##### RECORDS SHOWN

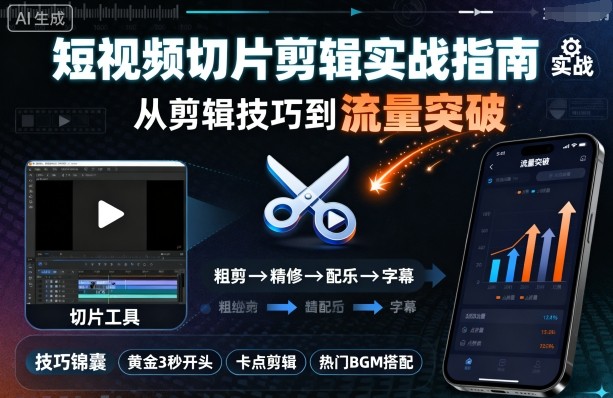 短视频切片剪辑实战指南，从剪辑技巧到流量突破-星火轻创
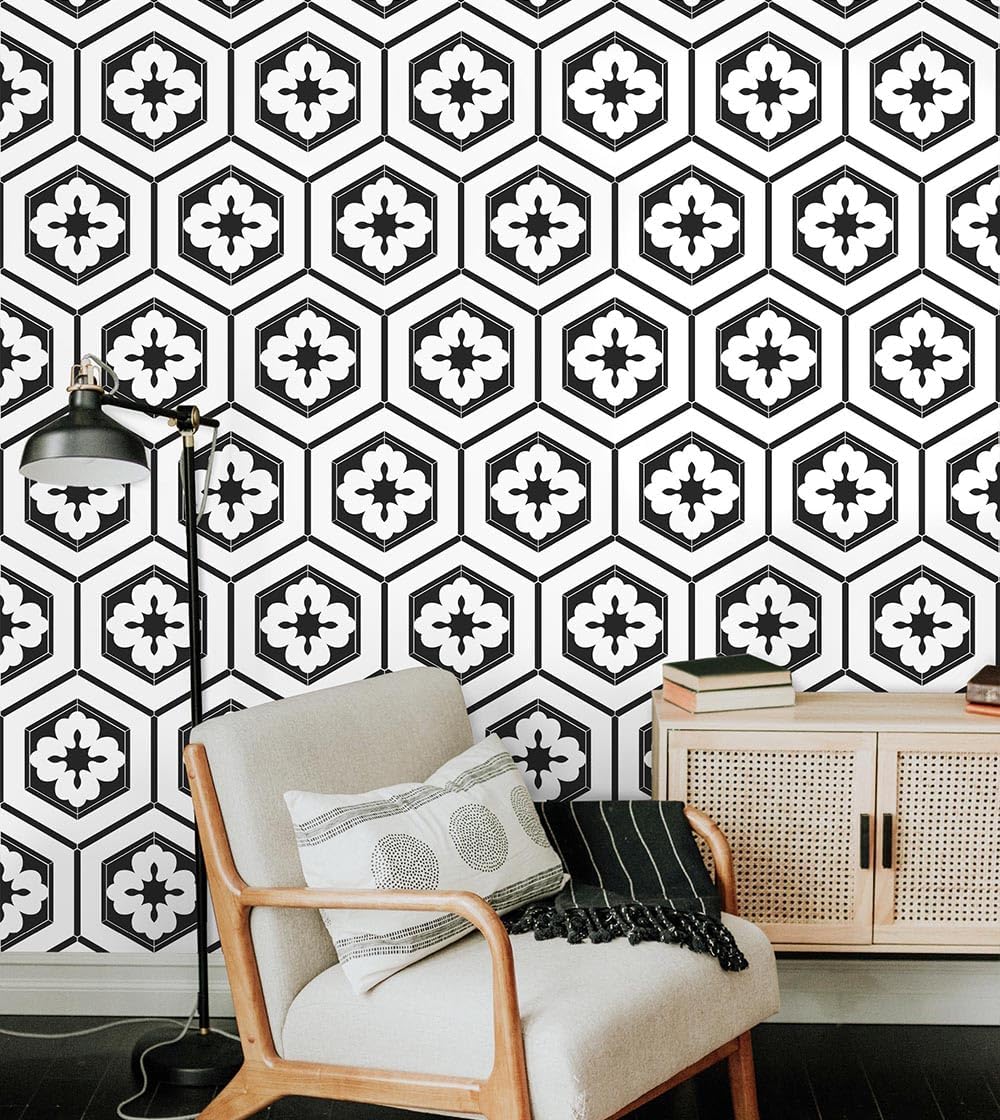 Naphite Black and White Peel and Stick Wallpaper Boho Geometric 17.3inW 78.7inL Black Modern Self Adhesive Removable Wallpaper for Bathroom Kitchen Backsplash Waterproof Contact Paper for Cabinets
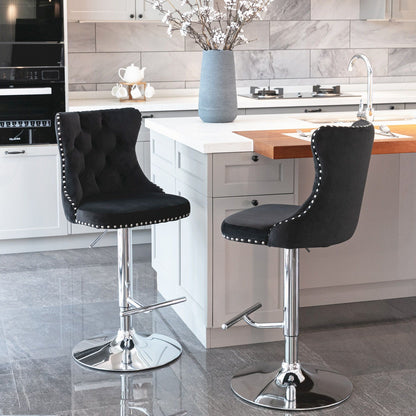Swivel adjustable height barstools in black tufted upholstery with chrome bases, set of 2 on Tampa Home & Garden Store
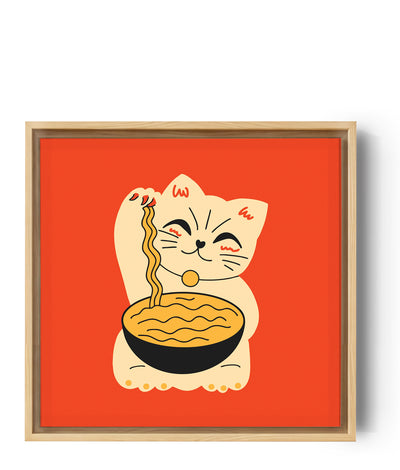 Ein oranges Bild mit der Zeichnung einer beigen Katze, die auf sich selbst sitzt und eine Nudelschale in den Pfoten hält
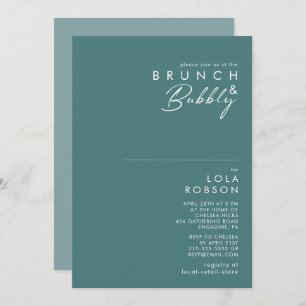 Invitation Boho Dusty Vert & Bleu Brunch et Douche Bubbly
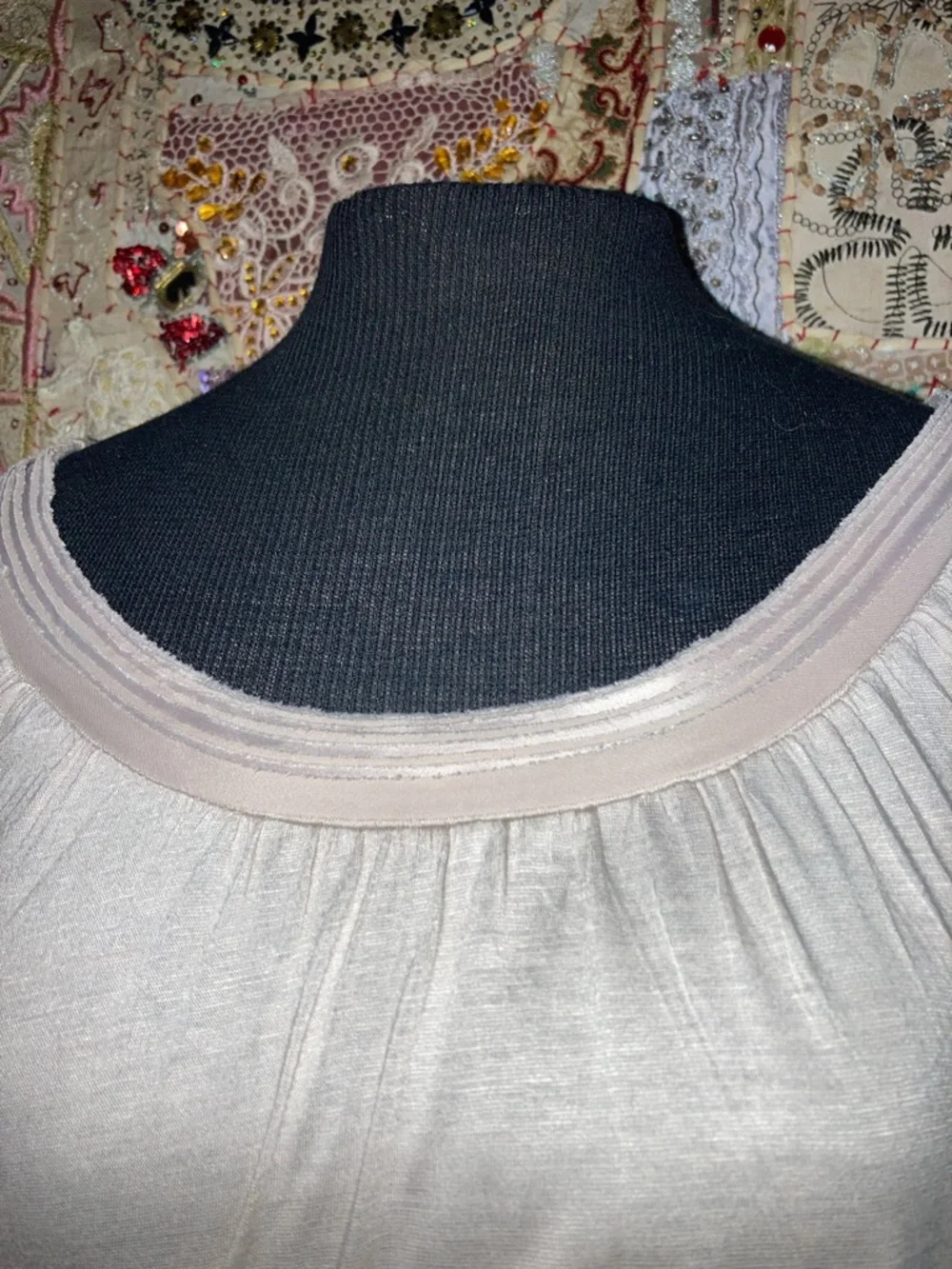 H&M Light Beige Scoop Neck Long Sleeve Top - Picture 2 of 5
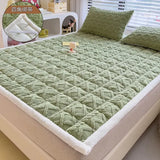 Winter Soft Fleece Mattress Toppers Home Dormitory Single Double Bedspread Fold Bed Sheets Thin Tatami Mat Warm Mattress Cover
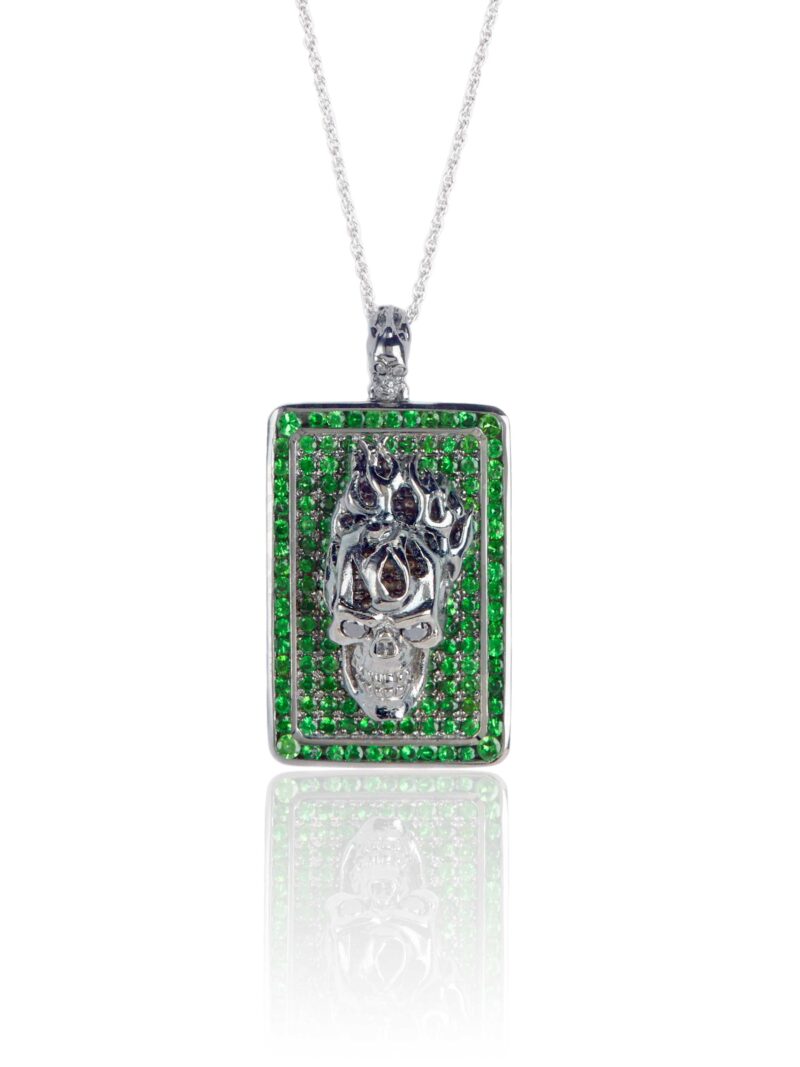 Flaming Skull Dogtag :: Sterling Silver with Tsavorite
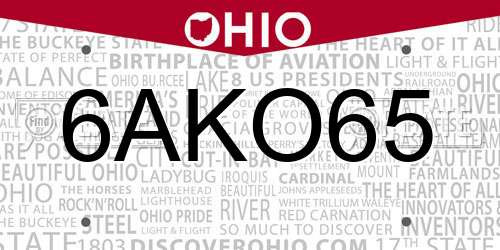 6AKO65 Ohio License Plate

##########

TASK TO CARRY OUT: I'd like the entries above repeated exactly, but without any of their pictures.

EXPECTED ANSWER:
 短视频切片剪辑实战指南，从剪辑技巧到流量突破-星火轻创
 Naphite Black and White Peel and Stick Wallpaper Boho Geometric 17.3inW 78.7inL Black Modern Self Adhesive Removable Wallpaper for Bathroom Kitchen Backsplash Waterproof Contact Paper for Cabinets
Swivel adjustable height barstools in black tufted upholstery with chrome bases, set of 2 on Tampa Home & Garden Store
 Ein oranges Bild mit der Zeichnung einer beigen Katze, die auf sich selbst sitzt und eine Nudelschale in den Pfoten hält
 Invitation Boho Dusty Vert & Bleu Brunch et Douche Bubbly
 H&M Light Beige Scoop Neck Long Sleeve Top - Picture 2 of 5
 Winter Soft Fleece Mattress Toppers Home Dormitory Single Double Bedspread Fold Bed Sheets Thin Tatami Mat Warm Mattress Cover
 Flaming Skull Dogtag :: Sterling Silver with Tsavorite
 6AKO65 Ohio License Plate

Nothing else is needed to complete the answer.